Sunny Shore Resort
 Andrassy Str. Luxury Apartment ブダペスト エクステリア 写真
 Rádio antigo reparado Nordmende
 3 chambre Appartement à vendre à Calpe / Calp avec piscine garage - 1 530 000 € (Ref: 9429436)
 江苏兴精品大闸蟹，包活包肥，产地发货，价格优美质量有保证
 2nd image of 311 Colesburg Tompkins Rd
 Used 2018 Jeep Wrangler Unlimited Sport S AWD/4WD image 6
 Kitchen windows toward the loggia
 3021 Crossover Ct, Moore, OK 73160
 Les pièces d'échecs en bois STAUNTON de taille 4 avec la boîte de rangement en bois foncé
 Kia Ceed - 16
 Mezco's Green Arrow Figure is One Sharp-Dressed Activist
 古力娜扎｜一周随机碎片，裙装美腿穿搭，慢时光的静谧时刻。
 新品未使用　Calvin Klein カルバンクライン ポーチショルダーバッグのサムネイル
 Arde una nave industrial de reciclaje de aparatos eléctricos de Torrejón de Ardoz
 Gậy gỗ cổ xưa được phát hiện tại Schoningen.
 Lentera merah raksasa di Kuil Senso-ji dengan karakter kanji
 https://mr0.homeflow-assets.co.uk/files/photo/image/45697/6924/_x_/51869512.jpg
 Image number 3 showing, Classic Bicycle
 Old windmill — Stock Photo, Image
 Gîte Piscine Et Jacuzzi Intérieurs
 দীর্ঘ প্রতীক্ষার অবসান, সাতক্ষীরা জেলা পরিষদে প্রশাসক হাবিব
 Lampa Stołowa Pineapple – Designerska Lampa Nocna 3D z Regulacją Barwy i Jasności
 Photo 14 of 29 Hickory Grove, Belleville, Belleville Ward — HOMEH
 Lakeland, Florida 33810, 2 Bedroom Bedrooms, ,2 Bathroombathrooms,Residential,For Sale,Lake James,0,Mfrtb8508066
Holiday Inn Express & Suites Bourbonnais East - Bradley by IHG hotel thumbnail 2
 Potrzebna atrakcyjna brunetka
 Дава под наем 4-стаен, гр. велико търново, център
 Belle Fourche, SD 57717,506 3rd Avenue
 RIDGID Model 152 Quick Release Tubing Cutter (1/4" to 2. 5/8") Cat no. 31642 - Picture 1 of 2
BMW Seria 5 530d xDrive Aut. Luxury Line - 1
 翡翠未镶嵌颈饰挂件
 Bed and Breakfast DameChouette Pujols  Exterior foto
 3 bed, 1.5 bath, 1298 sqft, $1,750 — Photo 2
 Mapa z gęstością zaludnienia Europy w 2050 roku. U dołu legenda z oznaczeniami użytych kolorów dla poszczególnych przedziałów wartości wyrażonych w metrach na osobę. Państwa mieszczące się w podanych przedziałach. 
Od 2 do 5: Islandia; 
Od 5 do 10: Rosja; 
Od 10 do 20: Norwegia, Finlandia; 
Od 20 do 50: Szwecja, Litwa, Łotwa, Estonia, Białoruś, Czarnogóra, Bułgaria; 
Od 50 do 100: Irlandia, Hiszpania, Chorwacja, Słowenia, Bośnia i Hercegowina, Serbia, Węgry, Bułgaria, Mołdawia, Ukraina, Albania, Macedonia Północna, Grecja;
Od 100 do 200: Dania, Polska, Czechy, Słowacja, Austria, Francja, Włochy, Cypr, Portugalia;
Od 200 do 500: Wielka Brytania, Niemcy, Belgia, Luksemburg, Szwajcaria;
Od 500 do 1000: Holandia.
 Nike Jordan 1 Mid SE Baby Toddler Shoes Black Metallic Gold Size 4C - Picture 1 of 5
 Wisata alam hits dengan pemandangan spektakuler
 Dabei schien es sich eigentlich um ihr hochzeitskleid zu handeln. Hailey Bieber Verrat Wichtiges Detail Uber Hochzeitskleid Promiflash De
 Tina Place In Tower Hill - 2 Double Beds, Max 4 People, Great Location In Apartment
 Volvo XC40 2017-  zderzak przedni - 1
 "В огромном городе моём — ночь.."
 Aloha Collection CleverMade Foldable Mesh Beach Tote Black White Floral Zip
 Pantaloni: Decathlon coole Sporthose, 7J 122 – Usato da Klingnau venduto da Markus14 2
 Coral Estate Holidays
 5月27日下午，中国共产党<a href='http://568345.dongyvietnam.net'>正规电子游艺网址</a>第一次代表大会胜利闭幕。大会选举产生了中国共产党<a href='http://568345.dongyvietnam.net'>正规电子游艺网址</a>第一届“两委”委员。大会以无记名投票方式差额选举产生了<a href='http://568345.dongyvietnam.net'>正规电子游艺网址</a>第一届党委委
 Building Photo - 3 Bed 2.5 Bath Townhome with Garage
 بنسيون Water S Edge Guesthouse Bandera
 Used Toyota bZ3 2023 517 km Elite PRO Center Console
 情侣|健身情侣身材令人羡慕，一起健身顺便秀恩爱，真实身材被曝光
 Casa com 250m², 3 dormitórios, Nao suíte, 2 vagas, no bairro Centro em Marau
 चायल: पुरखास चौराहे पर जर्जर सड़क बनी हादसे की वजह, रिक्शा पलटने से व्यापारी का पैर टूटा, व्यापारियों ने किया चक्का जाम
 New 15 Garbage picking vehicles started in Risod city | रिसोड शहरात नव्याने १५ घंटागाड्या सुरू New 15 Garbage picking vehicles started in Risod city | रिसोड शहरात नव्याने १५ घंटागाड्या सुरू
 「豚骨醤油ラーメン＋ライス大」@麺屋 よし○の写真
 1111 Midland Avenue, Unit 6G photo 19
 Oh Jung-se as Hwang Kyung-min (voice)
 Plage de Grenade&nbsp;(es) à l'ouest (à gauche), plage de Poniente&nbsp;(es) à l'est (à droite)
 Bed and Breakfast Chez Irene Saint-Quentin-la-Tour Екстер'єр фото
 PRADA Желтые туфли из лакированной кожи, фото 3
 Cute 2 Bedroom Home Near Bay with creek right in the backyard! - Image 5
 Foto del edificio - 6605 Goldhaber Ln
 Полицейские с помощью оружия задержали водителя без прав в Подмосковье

What you should do: From the records above, copy only the lines starting with the line that holds "بنسيون Water S Edge Guesthouse Bandera" and going on through the line that holds "Casa com 250m², 3", exactly as written.

Result of the task:
 بنسيون Water S Edge Guesthouse Bandera
 Used Toyota bZ3 2023 517 km Elite PRO Center Console
 情侣|健身情侣身材令人羡慕，一起健身顺便秀恩爱，真实身材被曝光
 Casa com 250m², 3 dormitórios, Nao suíte, 2 vagas, no bairro Centro em Marau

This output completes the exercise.